Mozambique: National Defence and Security Council asks police to prioritise dialogue
A demonstrator shouts slogans at the edge of Independence Square, where the inauguration ceremony of Mozambique's fifth president, Daniel Chapo (not seen), took place, in Maputo, Mozambique, 15 January 2025.[Photo: Estevao Chavisso/Lusa]
The Portuguese minister of foreign affairs, Paulo Rangel, said on Wednesday in Maputo that Portugal is available to help mediate the post-election crisis in Mozambique, but believes that this will not be necessary.
“I think that the situation may even dispense with such help, or at least formal mediation, because all the parties sincerely seem to me, from what I can witness, especially now, already here – but before that too, through contacts I had been making – that there really is a will to turn this crisis into an opportunity. And that is something that gives us, as I said this morning, hope,” said Rangel.
Speaking to journalists on Wednesday afternoon after the inauguration ceremony of Daniel Chapo as Mozambique’s fifth president, which was marked by renewed clashes between the police and supporters of presidential candidate Venâncio Mondlane, who does not recognise the election results, Paulo Rangel recognised that Portugal has a “special position” due to its “deep historical and cultural ties”.

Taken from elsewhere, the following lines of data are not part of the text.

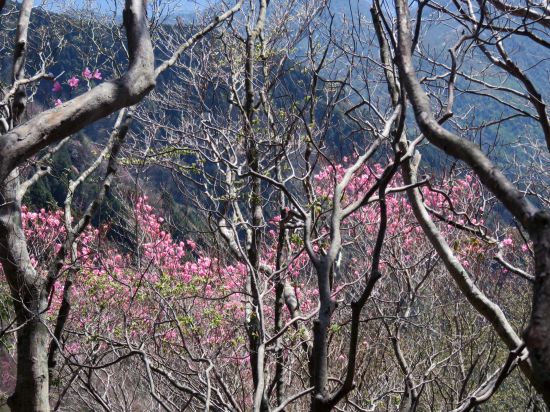 アケボノツツジ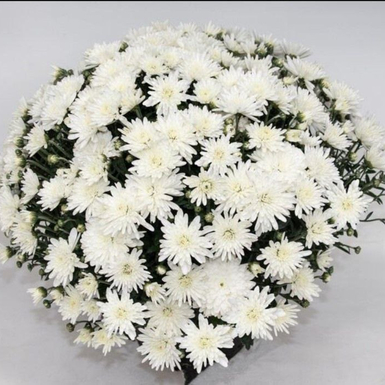 Хризантема мультифлора Branangel White (Бранангел Вайт)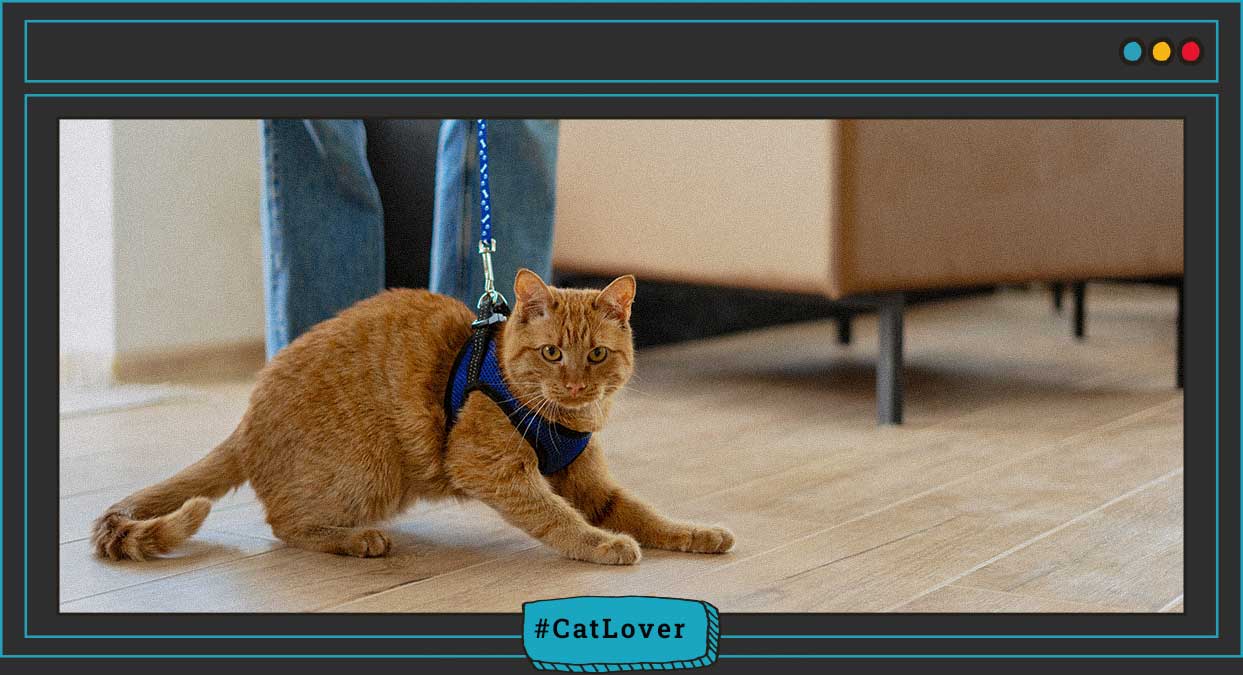 ¿Los gatos pueden usar arnés?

“We obviously have a helping role. The European Union has been very much in tune with Portugal’s positions. Just look, the communiqués that have been issued are all exactly along the same lines and we are obviously an important interlocutor. The CPLP [Community of Portuguese Language Countries] can also play a role,” said Rangel.

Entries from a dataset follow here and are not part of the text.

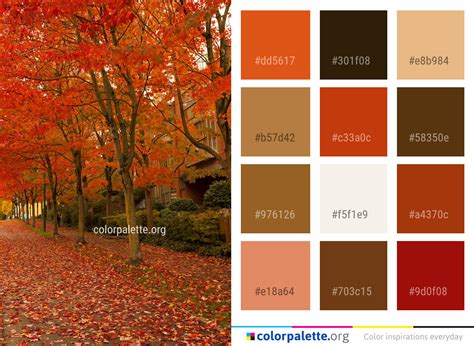 Autumn Nature Leaf Color Palette | colorpalette.org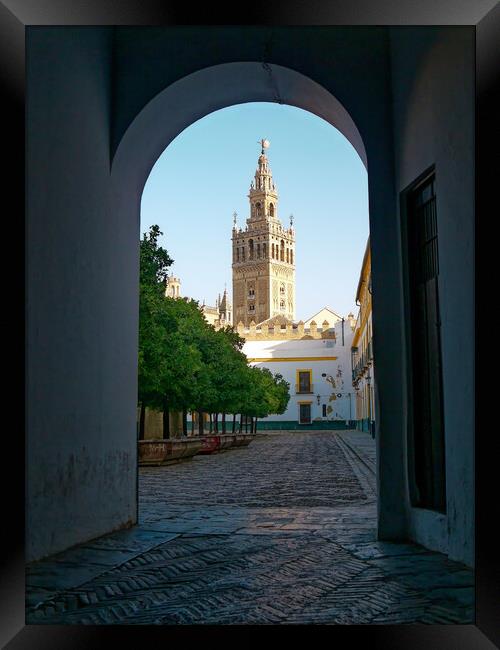 The Cathedral of Saint Mary of the See in Seville  Framed Print by Steve Painter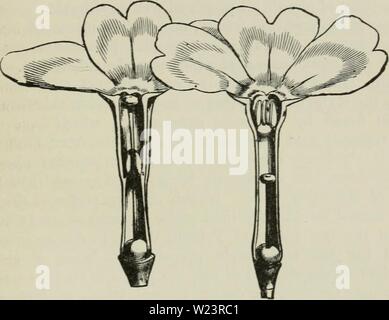 Immagine di archivio da pagina 180 del darwinismo un esposizione di Foto Stock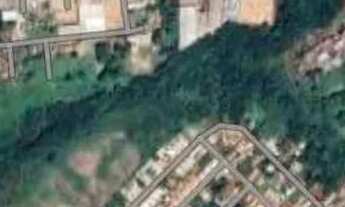 Imagem 4: LOTE PRÓXIMO CAFÉ BRASILEIRO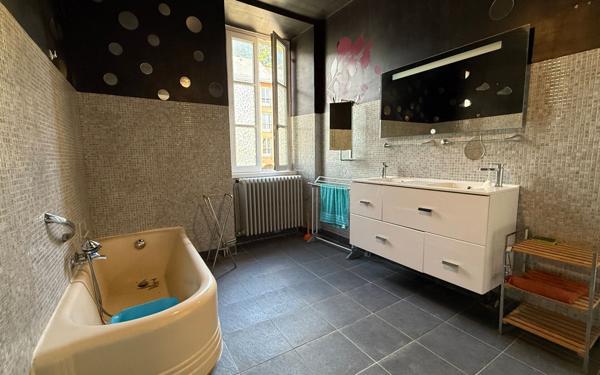 Maison à vendre    11 pièces •  Mende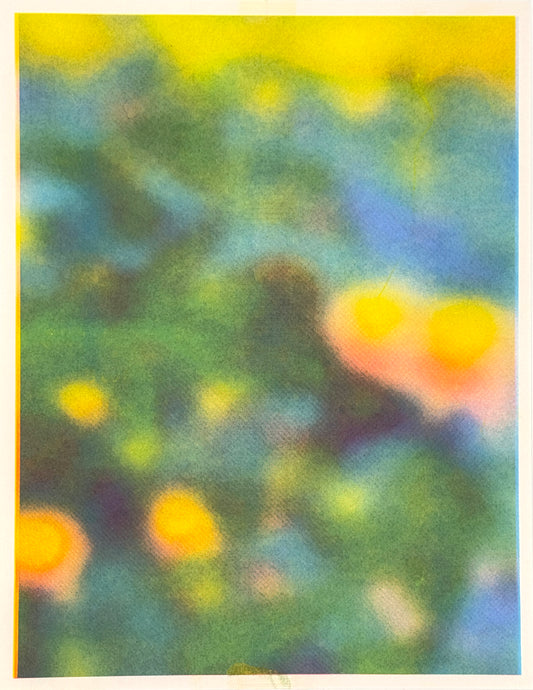 Blur Pond (Aqua on Y+P) 10
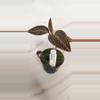 plant/💎Jewel Orchid Spiderman-0-thumbnail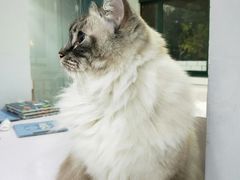 -喵的天空名猫咖啡馆·撸猫·猫舍·用品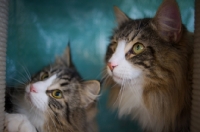 Picture of two norwegian forest cats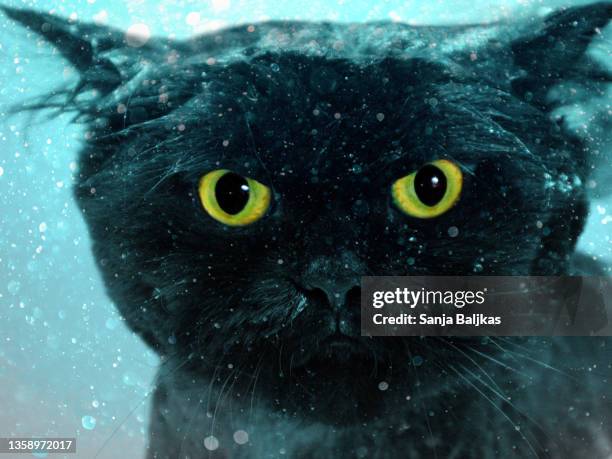 persian wet cat - wet cat stock pictures, royalty-free photos & images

The head of Portuguese diplomacy also confirmed that he plans to meet with Venâncio Mondlane, who has called for successive stoppages and demonstrations against the results of the Mozambican general elections on 9 October, during his stay in Maputo.
“We’ll certainly talk to him too, that’s planned. It’s planned to talk to everyone and so Portugal’s predisposition is always to help. We can’t substitute for each other, obviously, in any way, we don’t want to interfere in Mozambique’s sovereignty, but we think that there is an opportunity here to create an agenda of consensus, of reforms on the one hand institutional and on the other hand certainly economic and social,” he said.
On Tuesday, presidential candidate Venâncio Mondlane accused the Portuguese minister of foreign affairs of bias and of ‘manipulating’ public opinion when he said that he had been following the post-election process in Mozambique.
Questioned by journalists about these statements, Paulo Rangel dismissed them, looking at them ‘with great fair play’.
“I understand that in this context people express their opinions freely and, therefore, Portugal’s objective, as I said from the beginning, is a very constructive posture, attitude, to facilitate dialogue, to create (…) the willingness to help, if that is wanted and if that is necessary, and, therefore, it is with this constructive, responsible posture, of a brother country, that we are here. And so the little, I would say, day-to-day things don’t interfere with that,” he emphasised.
Paulo Rangel insisted that in this political context, marked by demonstrations and post-election tensions that have led to more than 300 deaths and 600 people shot since 21 October, “dialogue is needed from this moment on”.
“Which has already begun, but which now obviously has to be given a new lease of life, inclusive dialogue with all the opposition forces and with all the protagonists of the opposition and that this dialogue should lead first of all to national reconciliation, because this very traumatic process has left some wounds, so this is a point (…) for there to be a set of reforms here that can be discussed in consensus and that will relaunch a functioning democracy that is basically recognised by everyone,” he said.
He also recognised, on the other hand, that the Portuguese government has “always pointed out” the need for a “reform of the electoral law”, which has also been accepted by all the Mozambican players.